» **Data for analysis**
══════════════════════════════

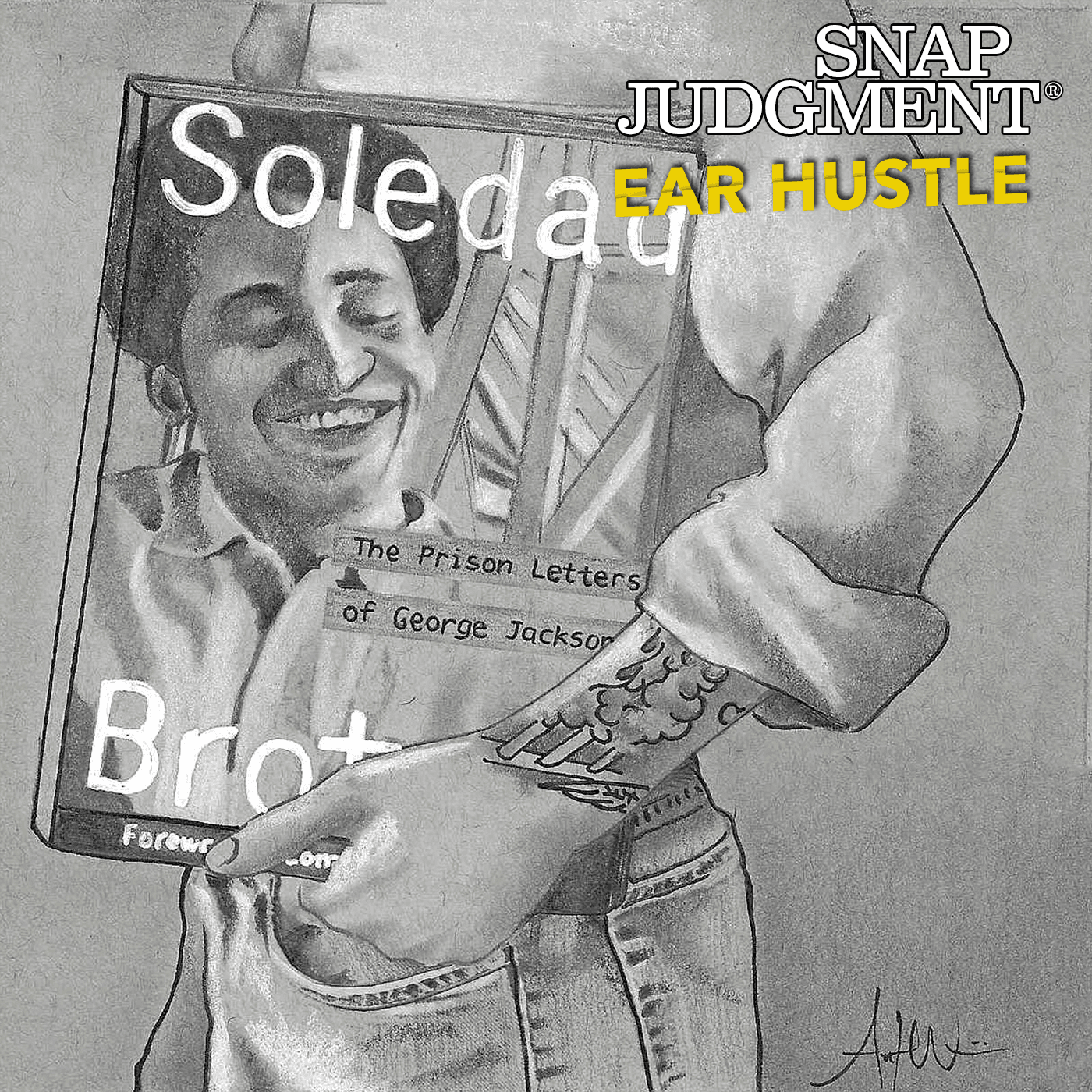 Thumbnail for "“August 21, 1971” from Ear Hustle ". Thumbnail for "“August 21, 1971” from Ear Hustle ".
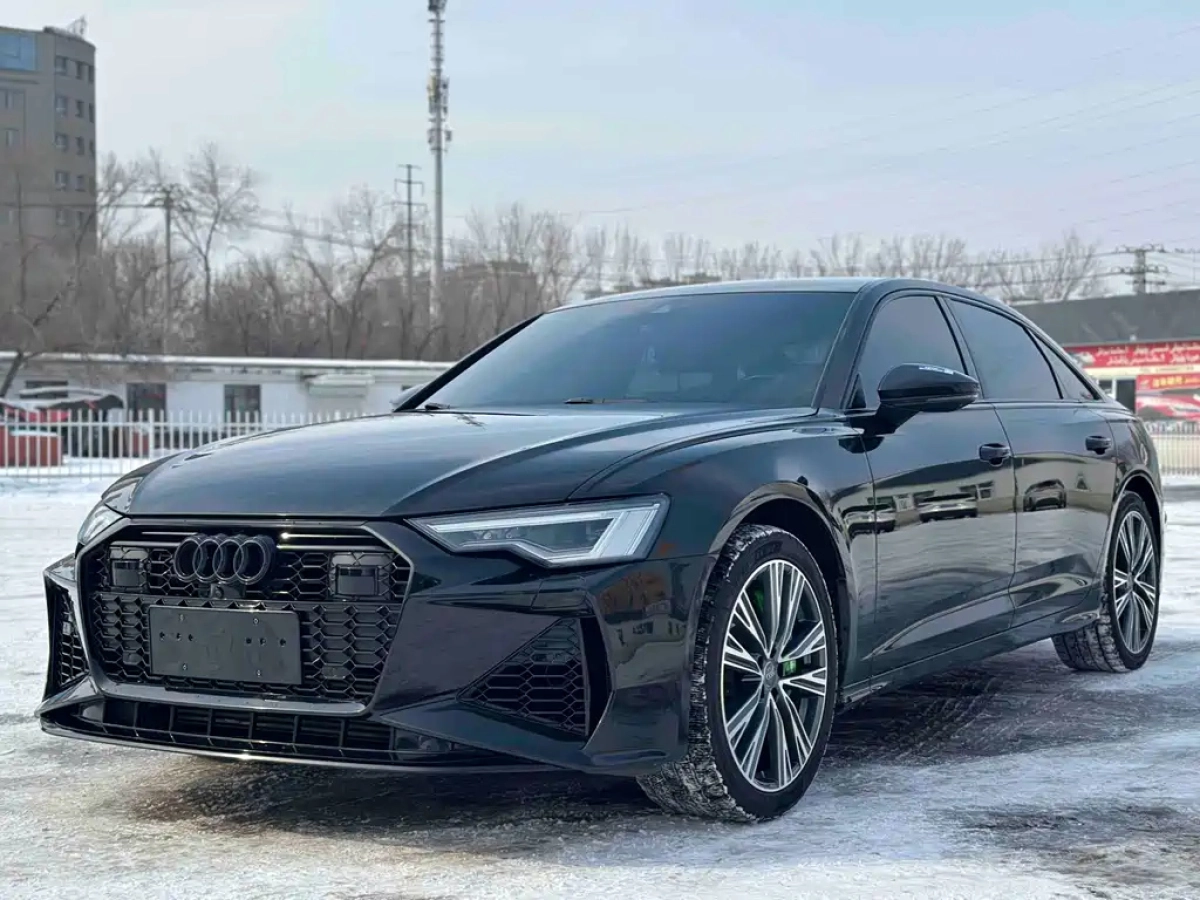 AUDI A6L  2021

══════════════════════════════

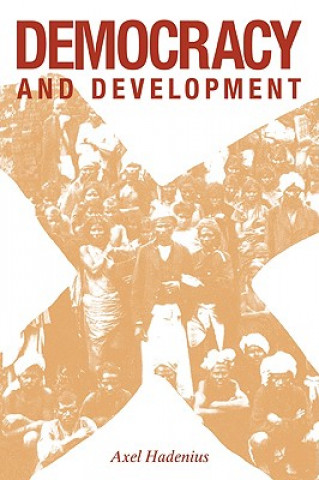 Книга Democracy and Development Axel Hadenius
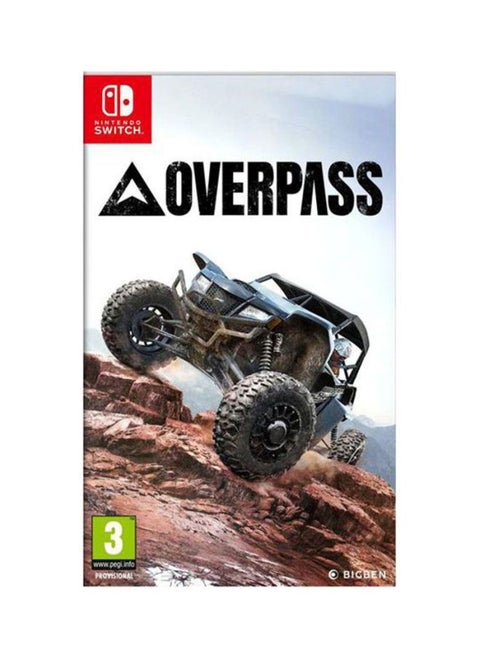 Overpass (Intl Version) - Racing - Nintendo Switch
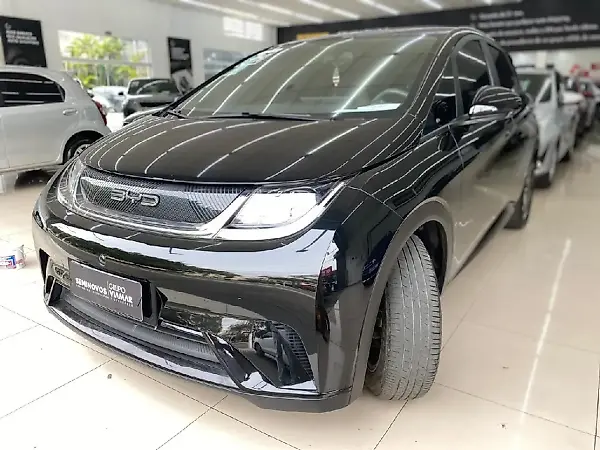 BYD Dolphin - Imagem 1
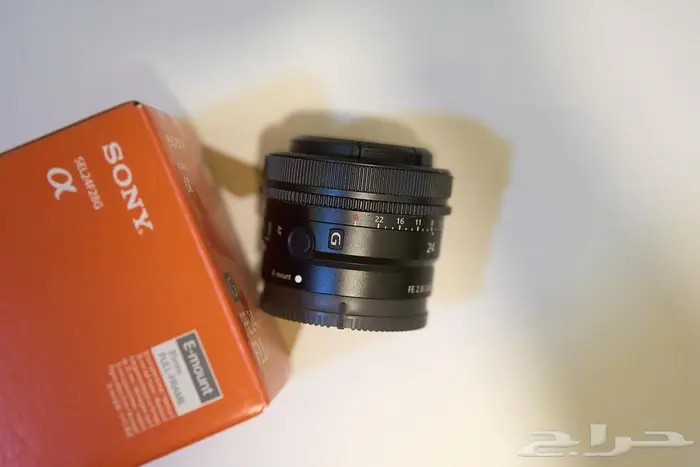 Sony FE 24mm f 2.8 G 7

══════════════════════════════

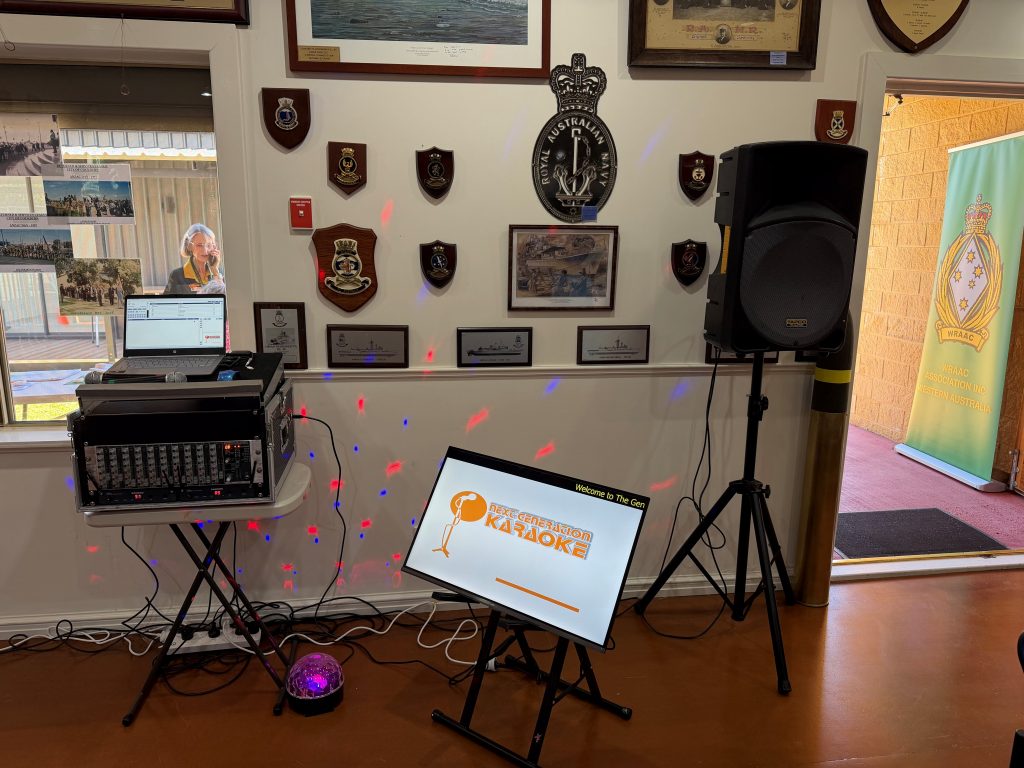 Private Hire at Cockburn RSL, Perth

══════════════════════════════

» **Your task**
Leaving all pictures out, output exactly the lines of the material above from the line with "Книга Democracy and" to the line with "Sony FE 24mm f 2.8 G 7", both included.

» **Answer for this exercise**
 Книга Democracy and Development Axel Hadenius
 Overpass (Intl Version) - Racing - Nintendo Switch
 BYD Dolphin - Imagem 1
 Sony FE 24mm f 2.8 G 7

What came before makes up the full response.